Brennstoffzellen-Joint Venture

Gemeinsam mit der Volvo Group setzt Daimler auf die wasserstoffbasierte Brennstoffzelle. Beide Unternehmen haben 2021 das Joint Venture cellcentric gegründet. Ziel von cellcentric ist, einer der weltweit führenden Hersteller von Brennstoffzellensystemen zu werden. Dafür plant das Unternehmen ab 2025 eine der größten Serienproduktionen in Europa aufzubauen.
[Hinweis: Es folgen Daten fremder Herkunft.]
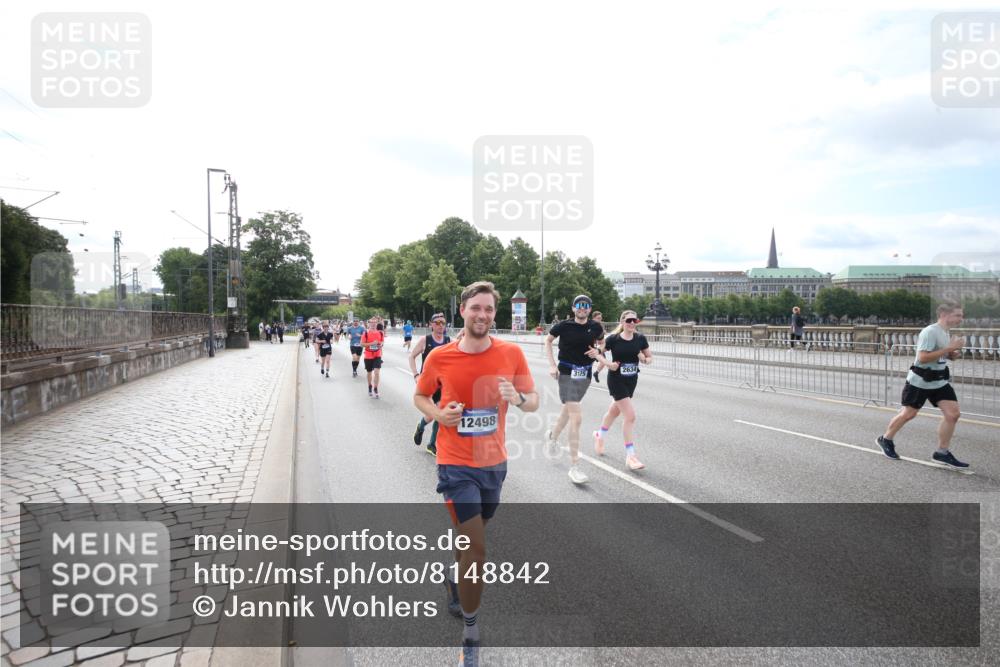 29.06.2025 - hella hamburg halbmarathon Jannik Wohlers http://msf.ph/oto/8148842 29.06.2025 10:17:51 Lombardsbrücke 1268, 1325, 1554, 1982, 2087, 2147, 2335, 2634, 3125, 3321, 3482, 3977, 4710, 4738, 4804, 5909, 6270, 7838, 7882, 7883, 8067, 8248, 9222, 9539, 9834, 9844, 10659, 10908, 10946, 11352, 11450, 11949, 12274, 12498, 12939, 13341, 13370, 13619, 14320, 14770, 14831, 15182, 15183, 15343, 16109, 16828, 16829, 16833, 17876, 18145, 18677, 18697, 18807 meine-sportfotos.de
Daimler mit Doppelstrategie

Bereits seit 2018 bzw. 2021 rollen die batterie-elektrischen Fahrzeuge Mercedes-Benz eCitaro und Mercedes-Benz eActros in Serienproduktion vom Band. Auf der Wasserstoffseite ist der Brennstoffzellen-Prototyp Mercedes-Benz GenH2 Truck seit letztem Jahr intensiv im Testbetrieb – sowohl auf der hauseigenen Teststrecke als auch auf öffentlichen Straßen. Entwicklungsziel ist eine Reichweite von bis zu 1.000 Kilometer und mehr für das Serienfahrzeug, dessen Produktionsstart für das Jahr 2027 geplant ist.